Esperanza Cordero lives on Mango street in a house that is not her house. The real house is out there waiting for her and it has beautiful windows and white polished bannisters. But for now Esperanza lives in this house, on Mango Street.
I’m not sure what to say about this book. It does not lend itself to direct proclamations. Oh this is a tale of coming of age! Oh this is how [insert riveting plotpoint where the main character battles dragons]! Rather the main character is translucent, presented only in her own narration of her neighborhood.
“I make a story for my life, for each step my brown shoe takes.”
It is a short book, but even so it takes a while to read. Told in a series of vignettes, each chapter is densely packed with scents and colors twisting into memories so vivid you could swear they were your own. You can smell the wet asphalt you used to ride your bike down, hear the sound of jump rope skipping against the ground, see the people in the windows as you passed them by. Feel the insecurity at lunch time at school were seemingly random things made you cool. Or not cool.
Esperanza is the one who binds the stories of the people in the neighborhood together. In those vignettes however we don’t just meet the neighborhood, we get to see Esperanza finding her own voice.

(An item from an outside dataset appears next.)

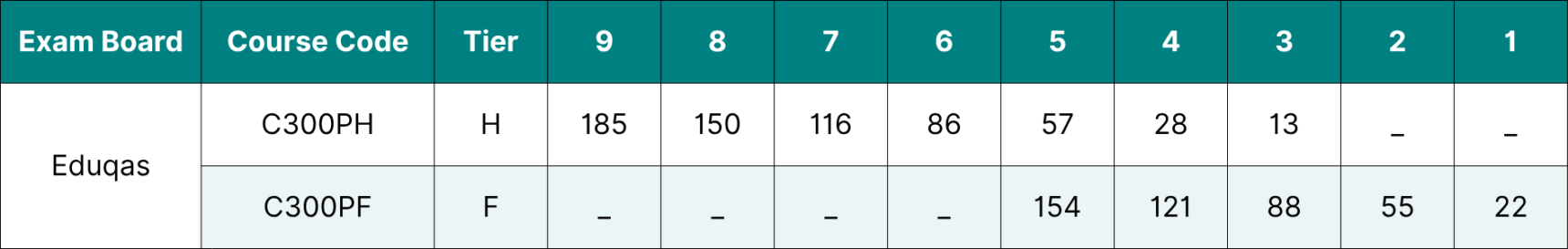 Table showing the data for Eduqas GCSE Maths grade boundaries 2026.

This is the kind of book that you want to return to over and over. Once you read it, it never really leaves you. There is hope in there, but also the sense of entrapment that only a childhood street can offer. Esperanza is determined to make it out.
“My mother says when I get older my dusty hair will settle and my blouse will learn to stay clean, but I have decided not to grow up tame like the others who lay their necks on the threshold waiting for the ball and chain.”
In this way the book explores the way women give up parts of their lives and ambitions to stay behind, to take care of the men. In the end we do not know if Esperanza makes it out. She dreams of a future where she does make it out, but also where she comes back to the house on Mango Street.
“They will not know I have gone away to come back. For the ones I left behind. For the ones who cannot out.”